----- Supplied material -----

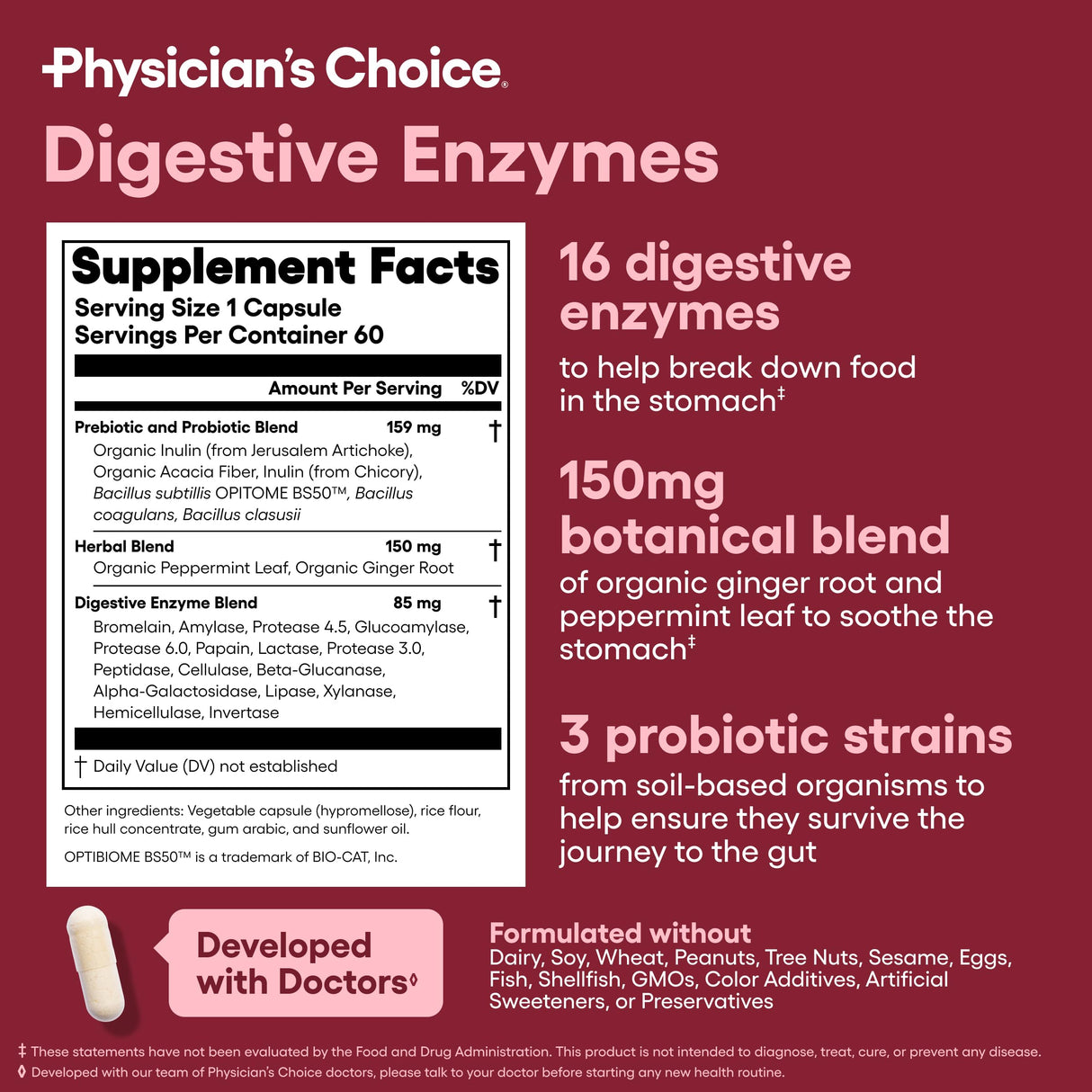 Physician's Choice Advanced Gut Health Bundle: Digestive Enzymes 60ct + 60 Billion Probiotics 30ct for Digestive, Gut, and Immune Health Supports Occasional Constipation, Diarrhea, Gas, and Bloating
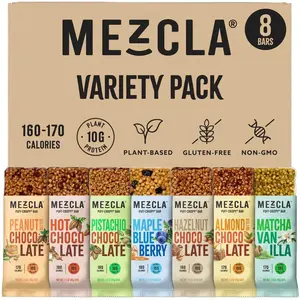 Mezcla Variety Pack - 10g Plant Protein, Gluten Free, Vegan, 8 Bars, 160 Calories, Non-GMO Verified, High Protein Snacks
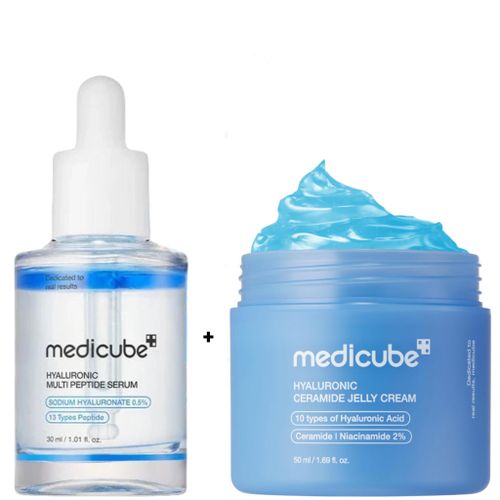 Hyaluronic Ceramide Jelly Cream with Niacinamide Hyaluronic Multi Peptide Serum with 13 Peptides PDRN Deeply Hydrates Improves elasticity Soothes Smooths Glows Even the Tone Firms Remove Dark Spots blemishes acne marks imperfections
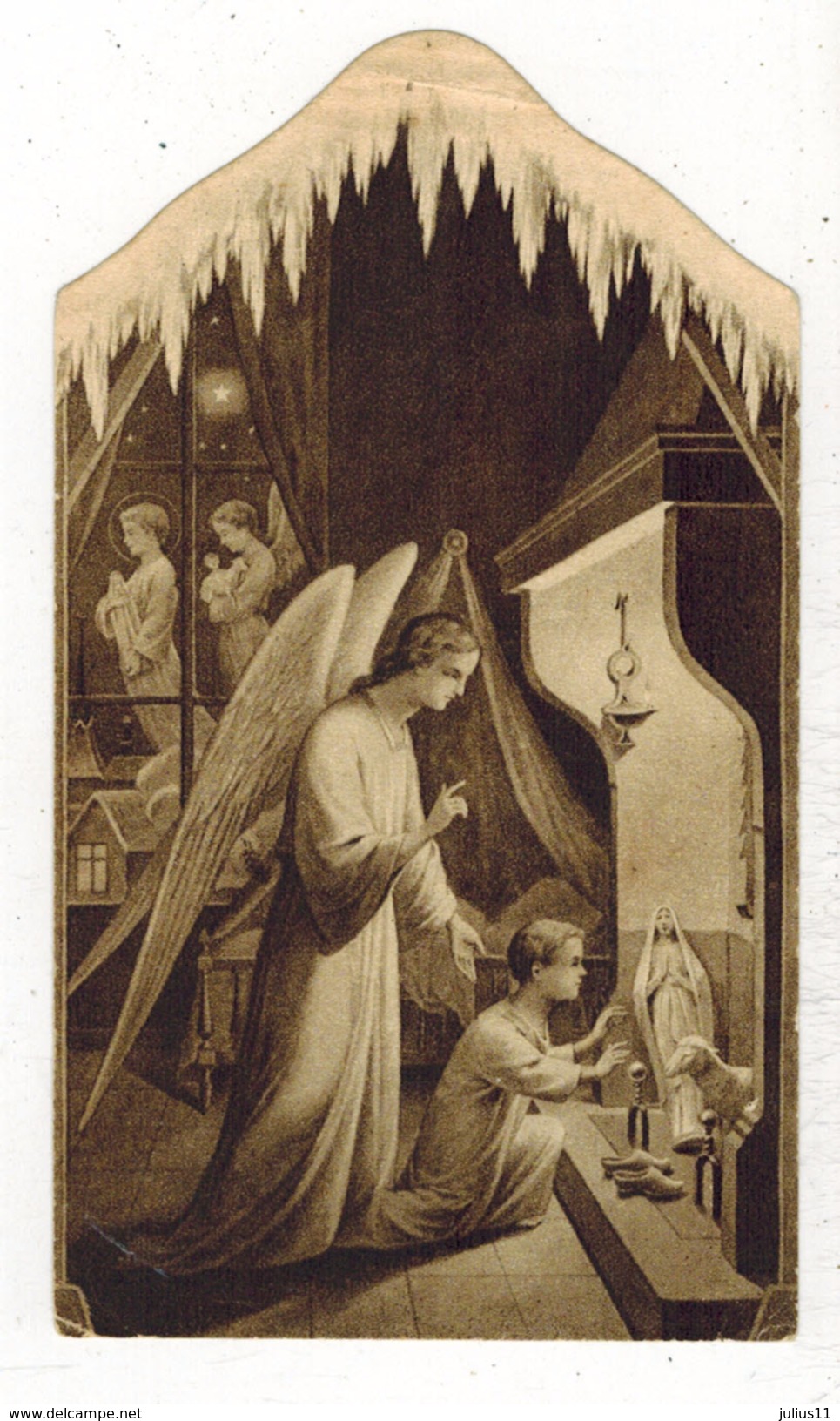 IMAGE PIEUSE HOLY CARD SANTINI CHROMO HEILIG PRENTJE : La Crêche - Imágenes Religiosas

-----

# Assignment:
Each line above gets copied exactly; leave the pictures out.

# Solution to the exercise:
 Physician's Choice Advanced Gut Health Bundle: Digestive Enzymes 60ct + 60 Billion Probiotics 30ct for Digestive, Gut, and Immune Health Supports Occasional Constipation, Diarrhea, Gas, and Bloating
 Mezcla Variety Pack - 10g Plant Protein, Gluten Free, Vegan, 8 Bars, 160 Calories, Non-GMO Verified, High Protein Snacks
 Hyaluronic Ceramide Jelly Cream with Niacinamide Hyaluronic Multi Peptide Serum with 13 Peptides PDRN Deeply Hydrates Improves elasticity Soothes Smooths Glows Even the Tone Firms Remove Dark Spots blemishes acne marks imperfections
 IMAGE PIEUSE HOLY CARD SANTINI CHROMO HEILIG PRENTJE : La Crêche - Imágenes Religiosas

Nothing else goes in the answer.